Cross-linking the B7 family molecule B7-DC directly activates immune functions of dendritic cells - PubMed (original) (raw)

Cross-linking the B7 family molecule B7-DC directly activates immune functions of dendritic cells

Loc T Nguyen et al. J Exp Med. 2002.

Retraction in

• Cross-linking the B7 family molecule B7-DC directly activates immune functions of dendritic cells.
  Nguyen LT, Radhakrishnan S, Ciric B, Tamada K, Shin T, Pardoll DM, Chen L, Rodriguez M, Pease LR. Nguyen LT, et al. J Exp Med. 2010 Apr 12;207(4):901. doi: 10.1084/jem.2002146632610r. Epub 2010 Apr 5. J Exp Med. 2010. PMID: 20368577 Free PMC article. No abstract available.

Abstract

B7-DC molecules are known to function as ligands on antigen-presenting cells (APCs), enhancing T cell activation. In this study, cross-linking B7-DC with the monoclonal antibody sHIgM12 directly potentiates dendritic cell (DC) function by enhancing DC presentation of major histocompatibility complex-peptide complexes, promoting DC survival; and increasing secretion of interleukin (IL)-12p70, a key T helper cell type 1 promoting cytokine.

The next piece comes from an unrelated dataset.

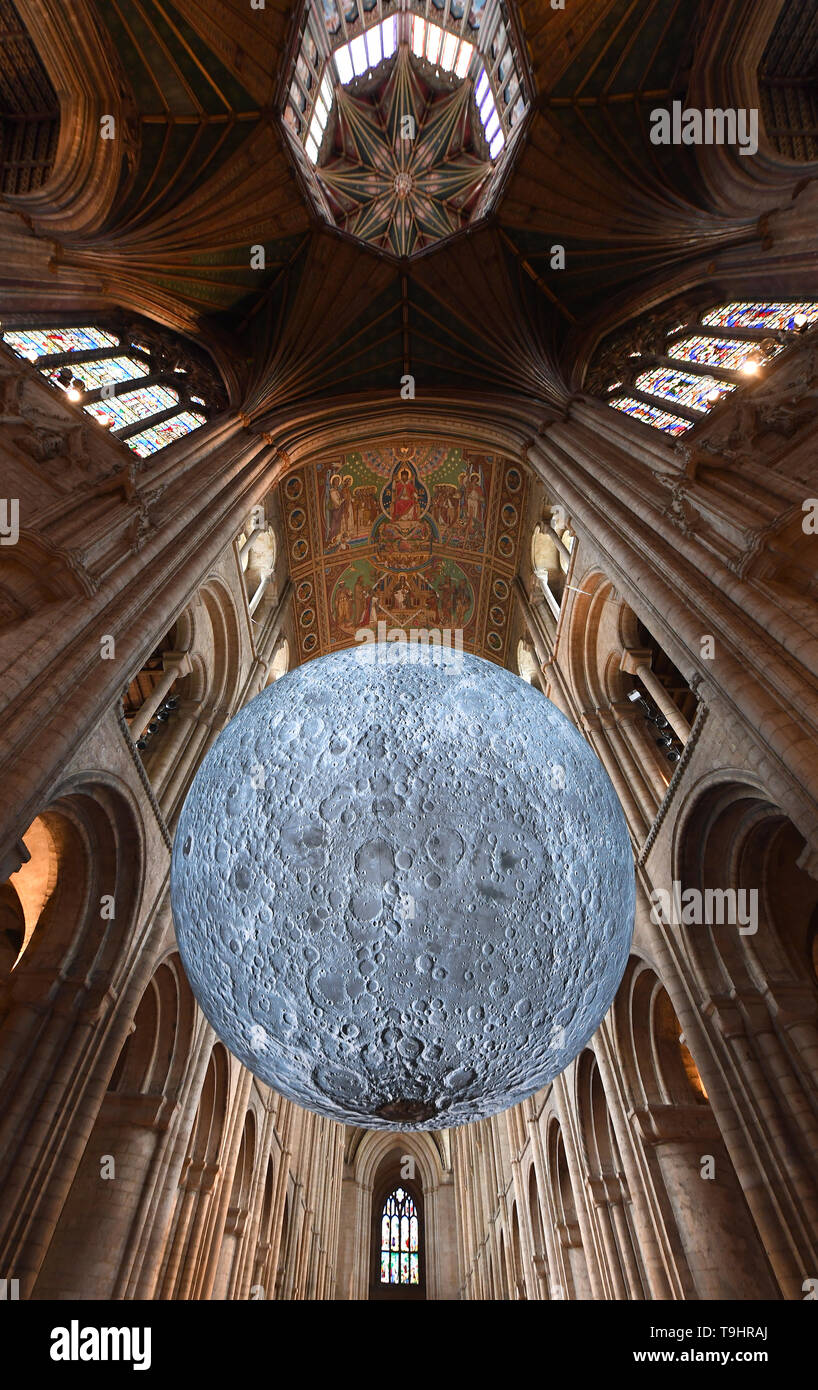 Luke Jerram's 'Museum der Installation der Mond' an die Kathedrale von Ely in Cambridgeshire. Die 7 Meter Durchmesser Replik der Mond ist die Hauptattraktion in der Kathedrale Science Festival", die Begrenzung des Himmels", die zum 50. Jahrestag der ersten Mondlandung feiert. Stockfoto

Furthermore, ex vivo treatment of DCs or systemic treatment of mice with sHIgM12 increases the number of transplanted DCs that reach draining lymph nodes and increases the ability of lymph node APCs to activate naive T cells. Systemic administration of the antibody has an equivalent effect on DCs transferred at a distant site. These findings implicate B7-DC expressed on DCs in bidirectional communication. In addition to the established costimulatory and inhibitory functions associated with B7-DC, this molecule can also function as a conduit for extracellular signals to DCs modifying DC functions.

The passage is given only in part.